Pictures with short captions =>
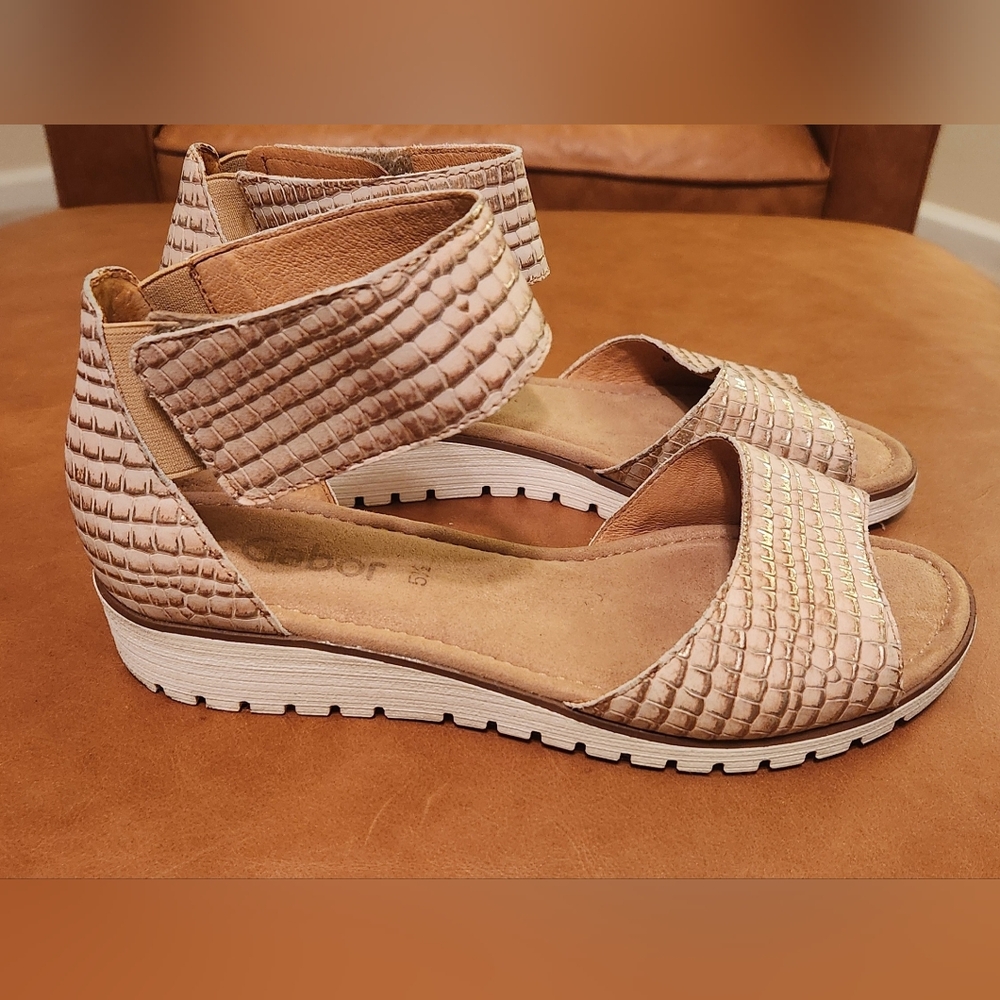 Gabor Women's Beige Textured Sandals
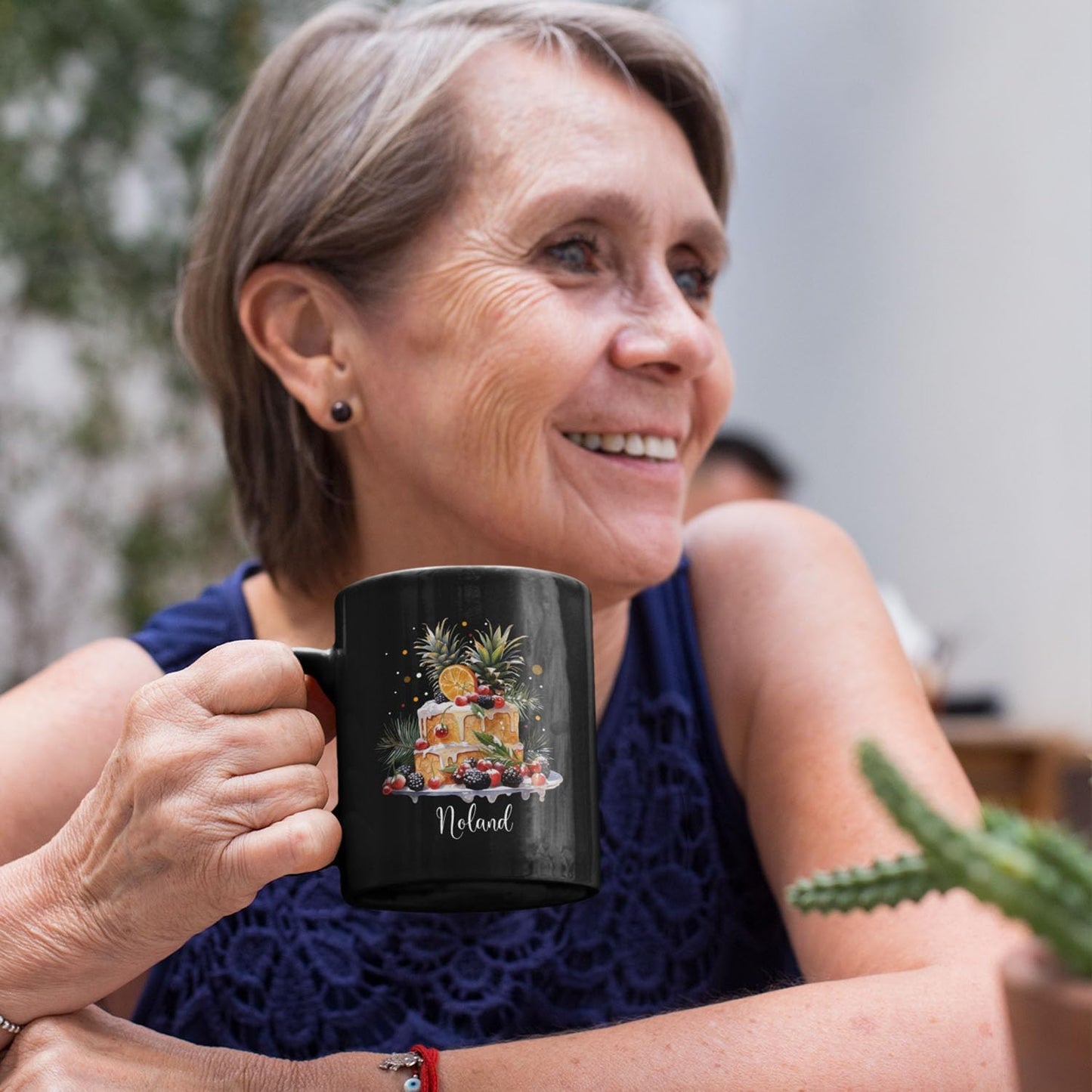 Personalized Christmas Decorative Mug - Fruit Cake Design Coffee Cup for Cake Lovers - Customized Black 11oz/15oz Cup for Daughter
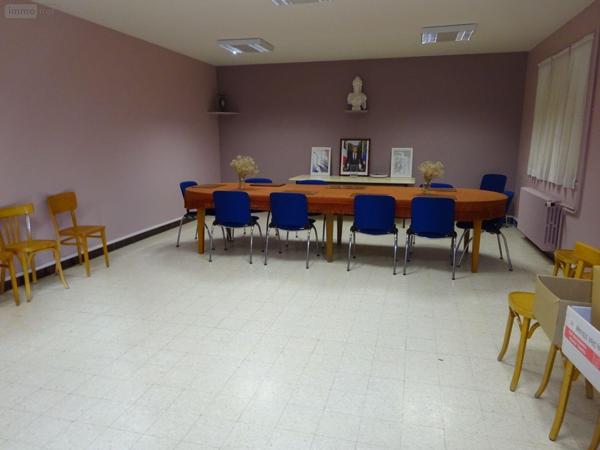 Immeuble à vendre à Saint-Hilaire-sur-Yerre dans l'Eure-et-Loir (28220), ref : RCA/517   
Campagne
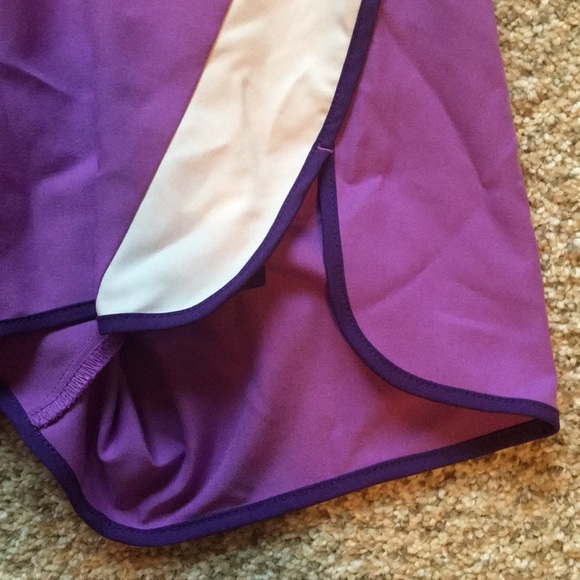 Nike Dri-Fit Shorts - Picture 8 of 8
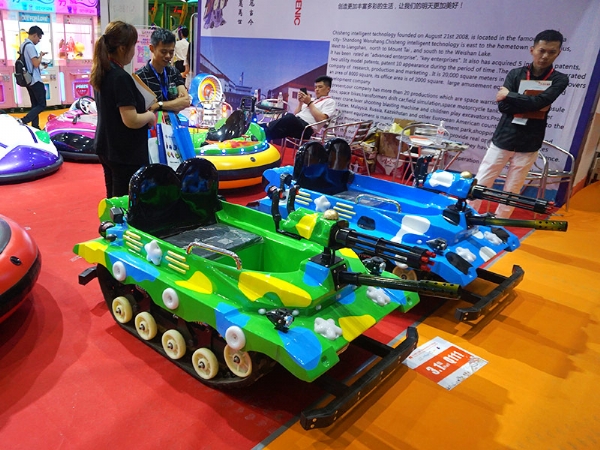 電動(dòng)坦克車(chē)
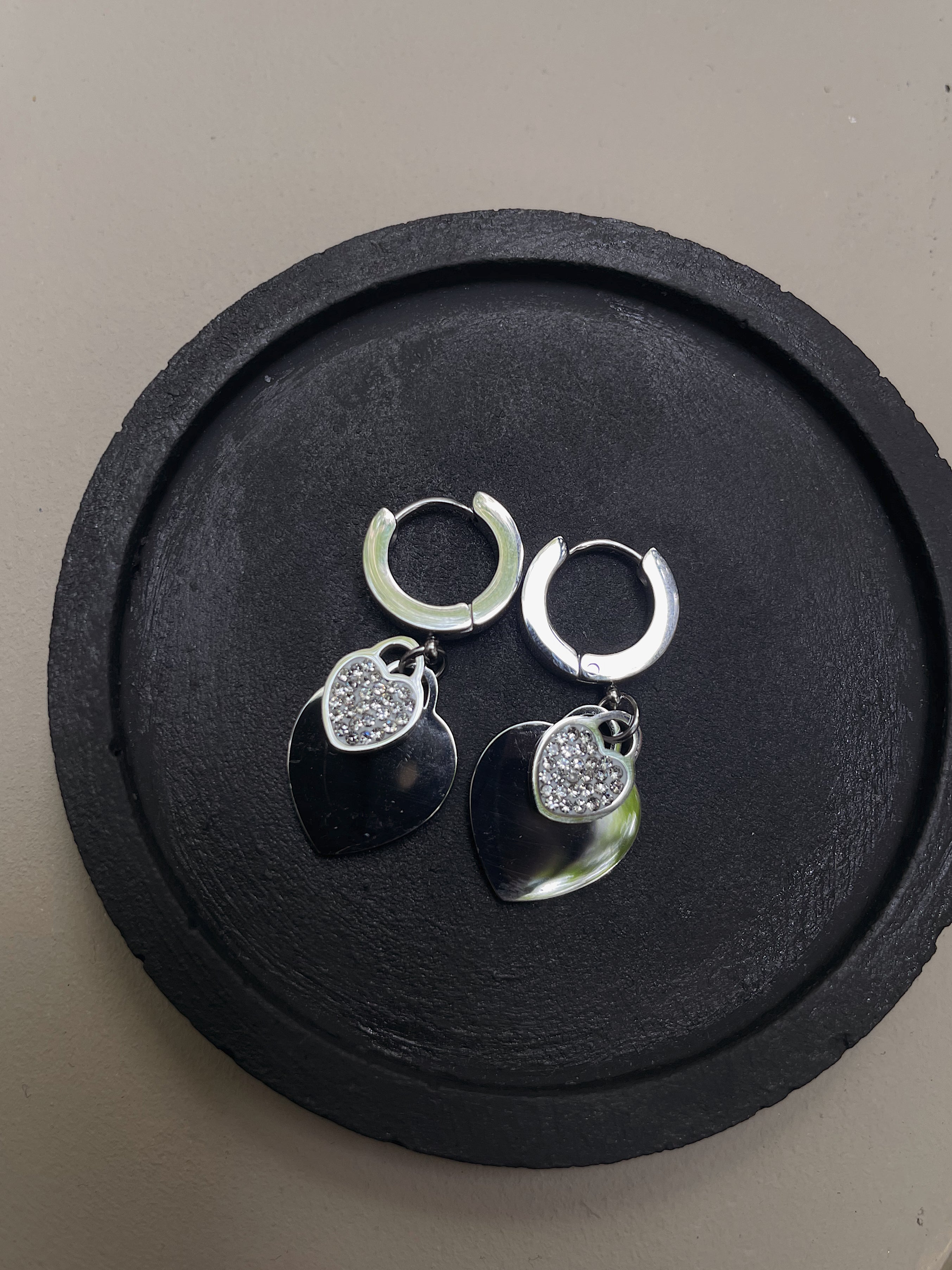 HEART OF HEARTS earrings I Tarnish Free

EXERCISE PROMPT =>
From the line containing "Nike Dri-Fit Shorts - Picture 8 of 8" down to the last line of the entries above, copy each line exactly and nothing more. Leave pictures out.

ANSWER TO THIS EXERCISE =>
 Nike Dri-Fit Shorts - Picture 8 of 8
 電動(dòng)坦克車(chē)
 HEART OF HEARTS earrings I Tarnish Free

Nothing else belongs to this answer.